The 395 know nothing of this slaughter. They simply work hard in harsh winter conditions. Some have decided, in an effort to lift spirits, to deliver talks on subjects on which they feel passionately or remember best. These speakers have no access to books nor any materials to make notes, yet under the watchful portraits of Marx, Lenin and Stalin in the mess hall and amidst the smell of stewed cabbage they speak to the lice-ridden, the frost-bitten and the sleep-deprived.
One called Józef Czapski (right) speaks of Marcel Proust and more specifically his magnum opus, Á la Recherche du Temps Perdu (1913–1927). He says he has found that deprivation necessarily inclines one to rely on memory and that furthermore, being separated from books and newspapers and the incalculable number of impressions one gleans daily from leading a normal life, has, in fact, stimulated the involuntary memories that Proust writes of so volubly. So too did an eventual time in the camp infirmary, recovering from bouts of being bent double with pain and heaving clotted blood.
Anna Akhmatova is also tubercular in 1940 and spends much of her time standing in queues for hours on end, wondering if her adult son is still alive. His father was murdered as long ago as 1921. At home, she had begun to place a single strand of hair in her poetry notebooks, so as to monitor any interference and now, when she writes her poems, she memorises them as best she can and then burns them in the stove of her meagre apartment.
With the German advance into Russia, she is part of a coterie of creative types including Boris Pasternak and Leonid Leonov who are evacuated from Leningrad to Moscow and, from there, swiftly moved onto the freezing tundra of Chistopol and, from there again, to the more southern climes of Tashkent in Uzbekistan. Here there is warmth. There are camels and almonds and apricots.
When Józef Czapski gains release after one of Stalin’s equally mystifying amnesties and after a stint in Moscow attempting to find out what has happened to his many friends and associates who have disappeared without trace, the turmoil of the time sees him, as it happens, stationed not far from Tashkent. His diaries recall “an emotional evening of poetry and conviviality”. This is the spring of 1942. He describes Anna Akhmatova (left) as wearing something resembling not quite a sack yet reminiscent of a nun’s habit and he feels she must have once been very beautiful. He is taken with the slow chant of her reading her poems. She confides in him that she has “kissed the boots” of every high official imaginable, so as to gain news of her son. She says she still has no idea whether he is dead or alive. She too remembers this evening in a poem written many years later.
It begins:
We drove one another out of our minds that night.

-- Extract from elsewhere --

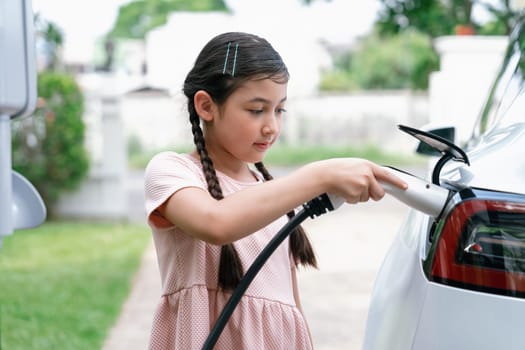 Happy little young girl learn about eco-friendly and energy sustainability as she recharge electric vehicle from home EV charging station. EV car and sustainable future generation concept. Synchronos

The ominous darkness shone as if for us,
the canals seemed to be murmuring to themselves
and all the carnations smelled of Asia…
At war’s end and on return to Leningrad, a police report on Akhmatova reads:
Akhmatova has many acquaintances. She has no close friends. She is good-natured and does not hesitate to spend her money when she has it. But at heart she is cold and arrogant with a childish egoism. She is helpless when it comes to the practical tasks of everyday life. Mending a stocking poses an insoluble problem for her. Boiling potatoes is an achievement. Despite her great fame, she is very shy …
By 1963, when the American poet Robert Frost visits the Soviet Union, she is considered important enough for him to seek a meeting. Frost’s Soviet overseers veto a visit to her apartment which, between themselves, they refer to as Akhmatova’s “kennel”. They prefer instead a proper dacha belonging to a prominent academician and insist on formal settings of silver and crystal. When Akhmatova reflects on this meeting, she remembers thinking, “Here you are, my dear Frost, a national poet and every year your books get published and you are praised—not slandered.” She considers her own achievements and arrives at poverty, prison lines, fear, poems remembered by heart and poems burned. She has known humiliation. She recognises that Frost can know nothing about this. She also knows that he would be unable to understand if he were to be told. Yet, after the formalities they sit together, two old people in wicker chairs, and talk.
In 1965 Anna Akhmatova is granted an honorary doctorate at Oxford University, and despite advancing infirmity she attends the presentation and also visits Stratford-upon-Avon. The experience evidently puts a spring in her step, for before the trip home she manages to elude her minders and spends a few days in Paris, staying at the Hôtel Napoléon. When Józef Czapski (below) receives her unexpected phone call, he leaves for the hotel in haste.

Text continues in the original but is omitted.